15/12/2010

Football espagnol, dopage et poule aux oeufs d'or

C’est bien connu: on ne prête qu’aux riches. Le monde sportif en sait quelque chose, lui qui accable de tous les maux les athlètes moins médiatiques mais laisse en paix les stars. On n’abat pas si facilement que cela la poule aux œufs d’or, fût-elle gravement intoxiquée.

Le football poursuit donc son bonhomme de chemin sous les sunlights, même s’il faudra bien qu’un jour la vérité éclate. Les récentes révélations du Docteur Eufemanio Fuentes («Si je dis tout ce que je sais, on pourra retirer l’Euro 2008 et la Coupe du monde 2010 à l’Espagne») ne sont pas tombées dans l’oreille d’un sourd. Il n’y a pas de fumée sans feu, dit-on. Mais d’aucuns continueront à faire la… sourde oreille aux déclarations fracassantes du maître d’œuvre de l’Affaire Puerto.

Pourtant, en 2006 déjà, le médecin espagnol s’était fendu de premières phrases mettant le feu aux poudres et laissant à penser que le système de dopage mis en place ne concernait pas uniquement les cyclistes de son pays.
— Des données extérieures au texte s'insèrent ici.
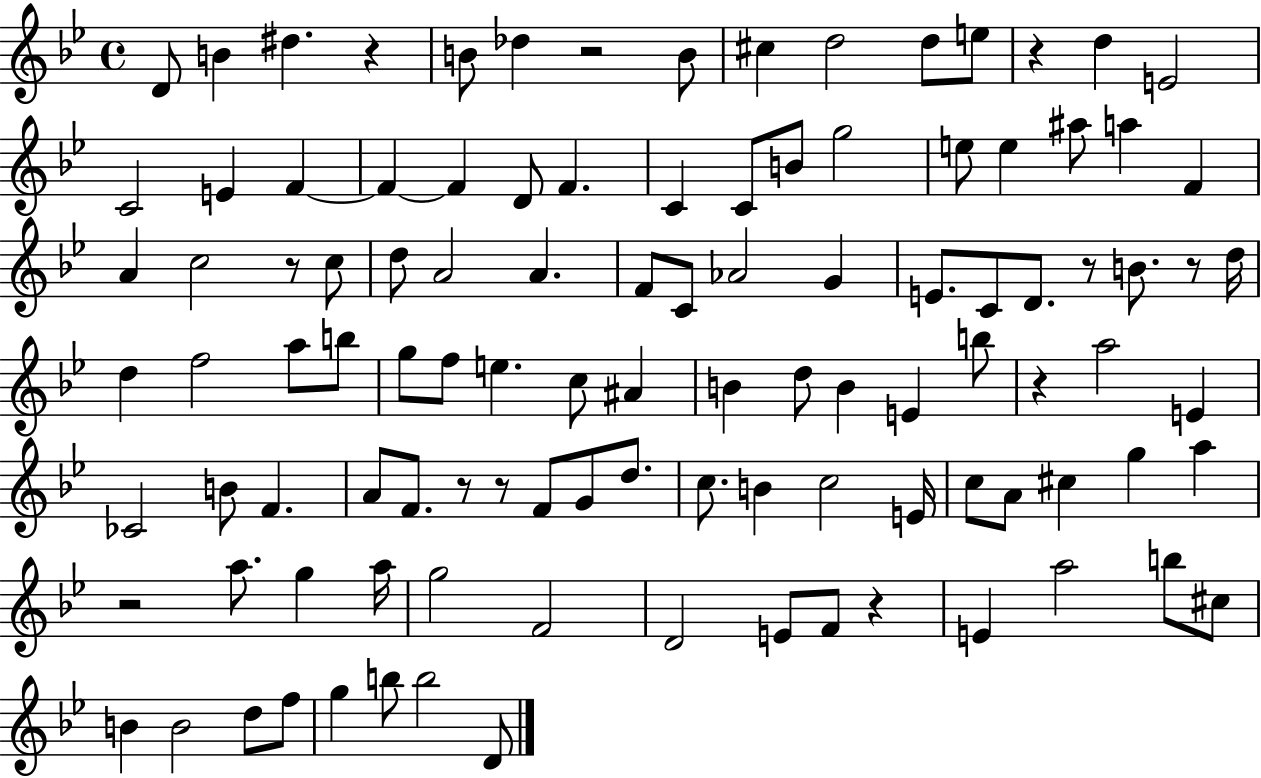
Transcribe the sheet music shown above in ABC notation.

X:1
T:Untitled
M:4/4
L:1/4
K:Bb
D/2 B ^d z B/2 _d z2 B/2 ^c d2 d/2 e/2 z d E2 C2 E F F F D/2 F C C/2 B/2 g2 e/2 e ^a/2 a F A c2 z/2 c/2 d/2 A2 A F/2 C/2 _A2 G E/2 C/2 D/2 z/2 B/2 z/2 d/4 d f2 a/2 b/2 g/2 f/2 e c/2 ^A B d/2 B E b/2 z a2 E _C2 B/2 F A/2 F/2 z/2 z/2 F/2 G/2 d/2 c/2 B c2 E/4 c/2 A/2 ^c g a z2 a/2 g a/4 g2 F2 D2 E/2 F/2 z E a2 b/2 ^c/2 B B2 d/2 f/2 g b/2 b2 D/2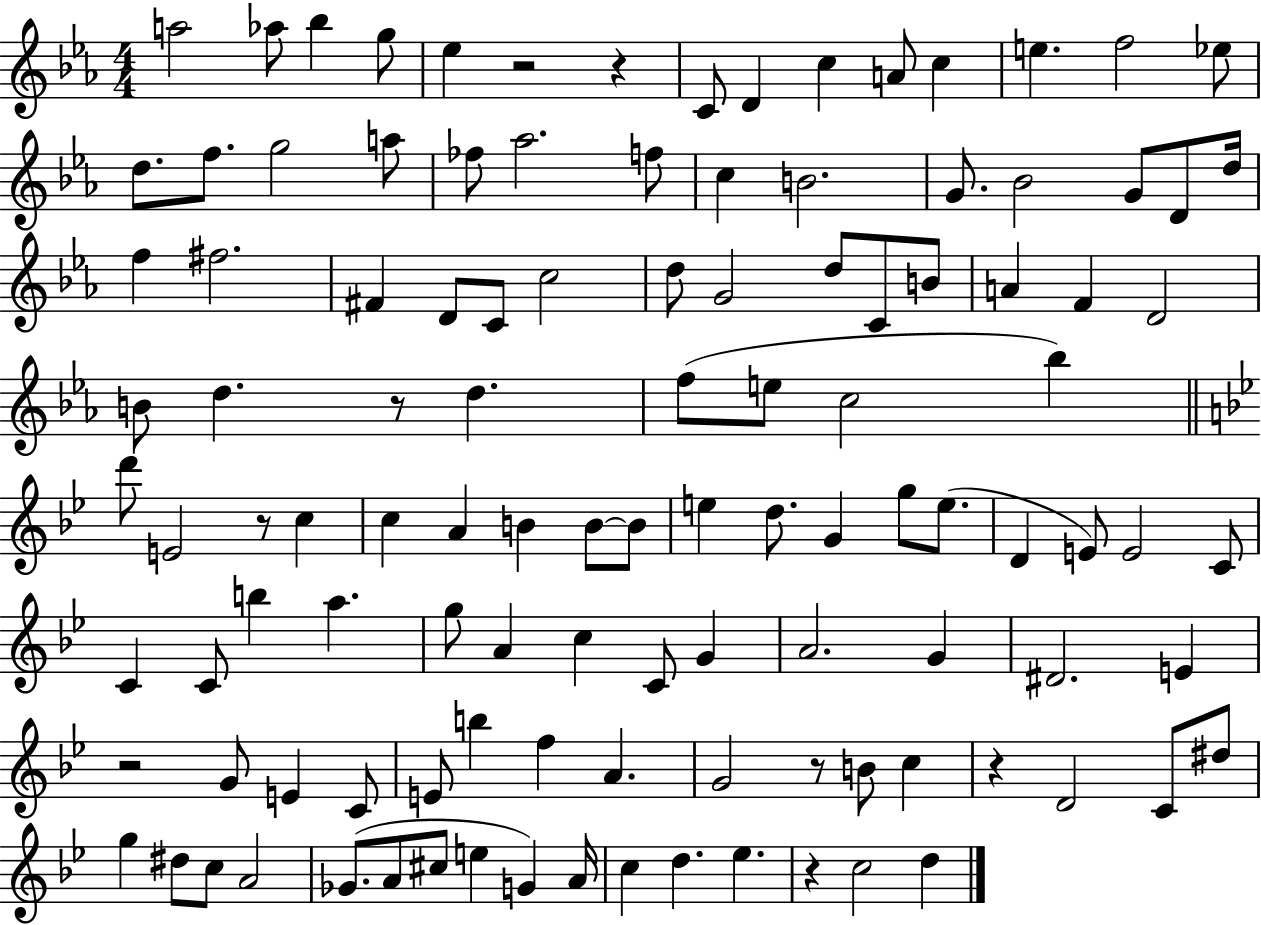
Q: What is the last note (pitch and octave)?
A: D5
A l’époque, la FIFA avait fermé les yeux. Les œillères ont encore épaissi depuis. Comme sur les scandales liés à la corruption (plus que) présumée de ses membres. Il y a quatre ans, des menaces de mort avaient empêché Fuentes d’aller plus loin dans ses confessions. Le football est une telle machine que le prendre à contrepied est devenu impossible. Sous peine d’y laisser sa peau.
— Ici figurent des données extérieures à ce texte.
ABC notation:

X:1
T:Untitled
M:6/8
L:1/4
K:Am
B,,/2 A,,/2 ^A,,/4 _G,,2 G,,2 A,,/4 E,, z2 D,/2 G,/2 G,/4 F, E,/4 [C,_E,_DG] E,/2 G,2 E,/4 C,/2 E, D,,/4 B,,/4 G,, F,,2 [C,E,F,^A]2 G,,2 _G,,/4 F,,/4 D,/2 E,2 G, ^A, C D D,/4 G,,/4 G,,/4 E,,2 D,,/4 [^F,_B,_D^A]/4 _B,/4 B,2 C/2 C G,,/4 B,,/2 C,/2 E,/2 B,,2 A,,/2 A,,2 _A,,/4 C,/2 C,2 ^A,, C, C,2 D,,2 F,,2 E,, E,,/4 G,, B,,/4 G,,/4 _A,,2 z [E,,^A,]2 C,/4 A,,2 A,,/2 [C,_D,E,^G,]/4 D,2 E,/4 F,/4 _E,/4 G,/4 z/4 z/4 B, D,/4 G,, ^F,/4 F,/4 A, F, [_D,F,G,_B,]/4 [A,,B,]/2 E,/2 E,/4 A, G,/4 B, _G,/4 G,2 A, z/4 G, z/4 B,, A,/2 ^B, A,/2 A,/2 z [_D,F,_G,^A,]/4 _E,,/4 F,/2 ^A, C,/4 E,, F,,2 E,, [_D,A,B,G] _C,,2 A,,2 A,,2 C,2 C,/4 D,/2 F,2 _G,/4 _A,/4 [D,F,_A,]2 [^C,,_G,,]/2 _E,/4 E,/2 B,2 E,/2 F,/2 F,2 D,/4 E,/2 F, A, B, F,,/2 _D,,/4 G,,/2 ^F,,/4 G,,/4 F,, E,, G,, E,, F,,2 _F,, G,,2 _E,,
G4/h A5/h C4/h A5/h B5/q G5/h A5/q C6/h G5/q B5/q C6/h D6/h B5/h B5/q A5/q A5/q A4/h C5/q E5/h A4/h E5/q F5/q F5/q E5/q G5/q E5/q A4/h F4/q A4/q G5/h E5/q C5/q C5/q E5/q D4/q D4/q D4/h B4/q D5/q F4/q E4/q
Dans la basse-cour sportive, dirigée par de vieux coqs déplumés, la poule aux œufs d’or est chouchoutée, ultraprotégée. Il n’y a guère que l’ultraprovocateur mais génialissime Maradona qui ait été mis sous l’éteignoir, dribblé qu’il fut par une Fédération internationale qui ne goûta pas son retour au premier plan.

Aujourd’hui, les aseptisés Iniesta, Xavi et consorts, placés au cœur de la polémique par le Docteur Fuentes, sont bien trop polis pour être cloués au pilori. Reste que leur entraîneur au Barça, Josep Guardiola, a beau être porté aux nues, il fut positif à la nandrolone en 2001, alors qu’il portait le maillot de Brescia.
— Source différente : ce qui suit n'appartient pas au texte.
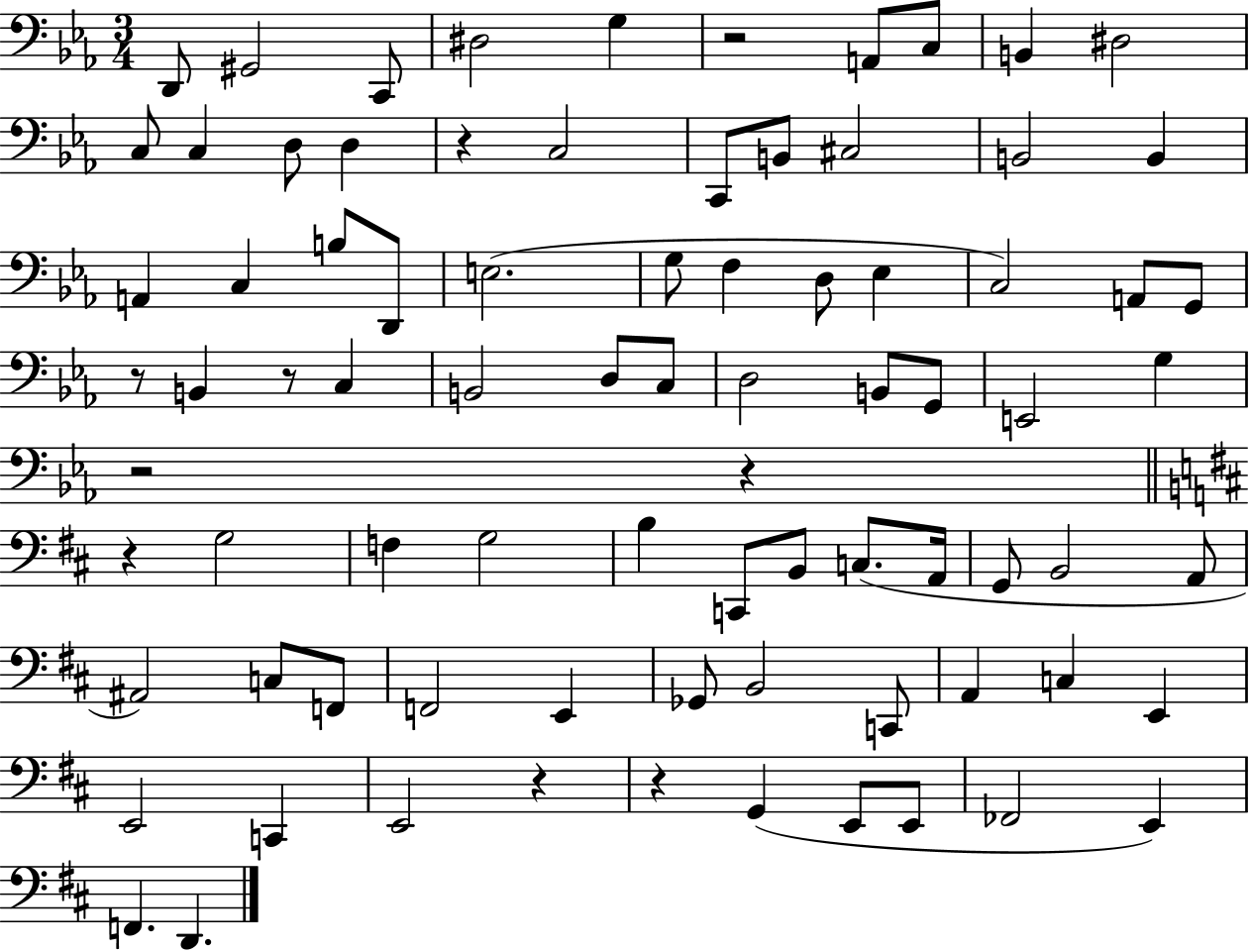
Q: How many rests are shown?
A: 9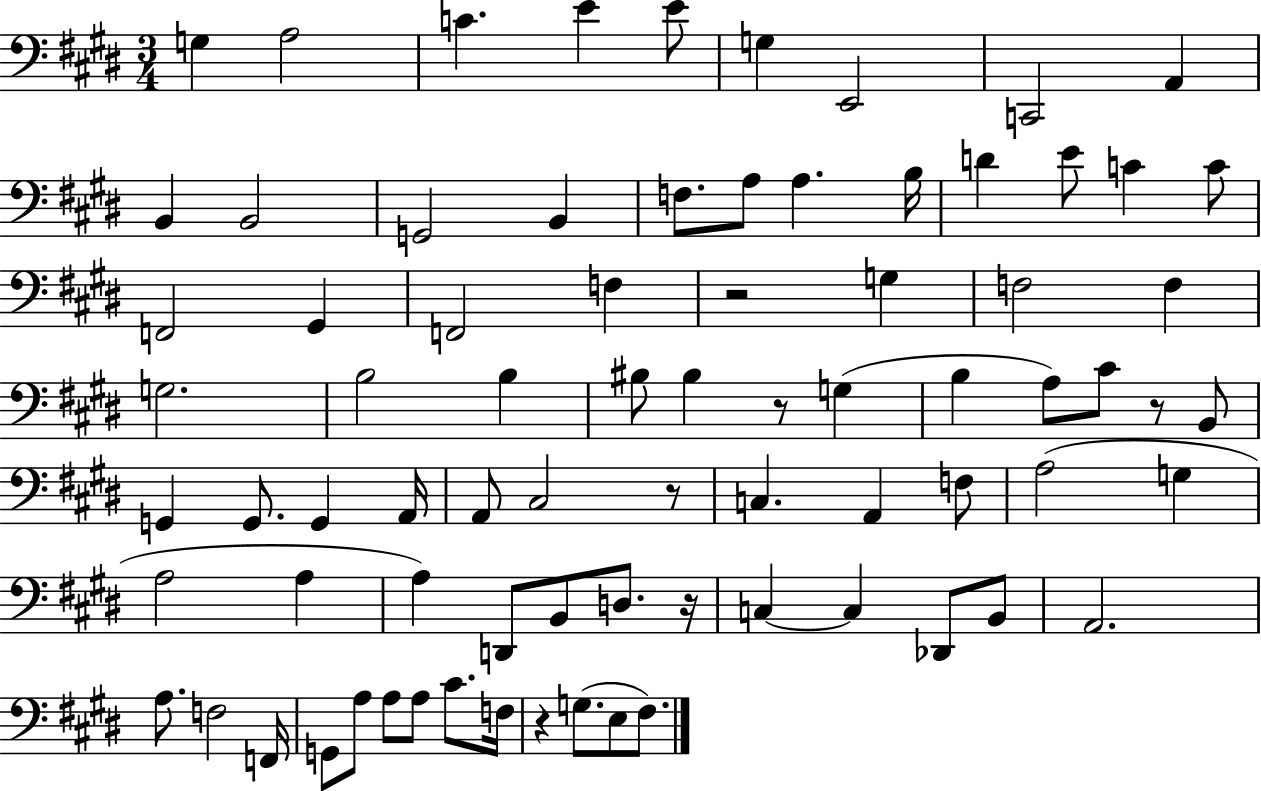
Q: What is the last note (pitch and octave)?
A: F#3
Alors, amis espagnols, si Fuentes a raison, gare au retour de bâton!

06/06/2010

Les notes de Suisse-Italie

BENAGLIO (3): pas beaucoup de travail, mais une semi-responsabilité engagée sur le but italien. Il semble en effet que la trajectoire du coup de tête de Quagliarella n'était pas illisible.

LICHTSTEINER (4): affichant une grosse volonté face à des joueurs qu'il affronte régulièrement dans le Calcio, le Zurichois a réalisé une belle première mi-temps avant de baisser au fil du match.

SENDEROS (2): responsable sur le 1-1, il ne brilla jamais. Certes, il sauva à la 26e, mais sa ruade dans le dos de Pazzini aurait mérité un... penalty pour les champions du monde.

GRICHTING (4): un sans-faute, ou presque. Deux petits cafouillages, dont un sur une mésentente avec Wölfli (47e), mais sans conséquence.

ZIEGLER (5): auteur d'une très bonne performance, le joueur de la Sampdoria a plus que jamais marqué des points dans le couloir gauche... et auprès des dirigeants de la Juventus, qui le suivent?

BEHRAMI (4): bon par intermittence, il a malheureusement dû quitter le match avant l'heure de jeu sur une blessure qui ne devrait pas être bénigne. Hélas.

INLER (3): son but réhausse sa note, mais il n'a pas été flamboyant.

HUGGEL (2): il a beaucoup couru, mais n'a pas utilisé un seul bon ballon.

GELSON (4): la surprise du onze de départ a fait mieux que de se défendre. Son duel avec Gattuso a valu par quelques bousculades intéressantes. Le Valaisan tient une meilleure forme que Barnetta.

FREI (1): rien à dire.

NKUFO (1): sorti usé, il paie ses trente-cinq ans face aux champions du monde.

LES REMPLACANTS...

WÖLFLI (4): rien à faire, ou presque, à part une bonne sortie sur un centre ras-terre dangereux.

BARNETTA (2): une nouvelle performance en dessous des attentes. Il a perdu des points ce soir.

DERDIYOK (3): on ne l'a pas vu, si ce n'est sur un modeste coup de tête à la 79e.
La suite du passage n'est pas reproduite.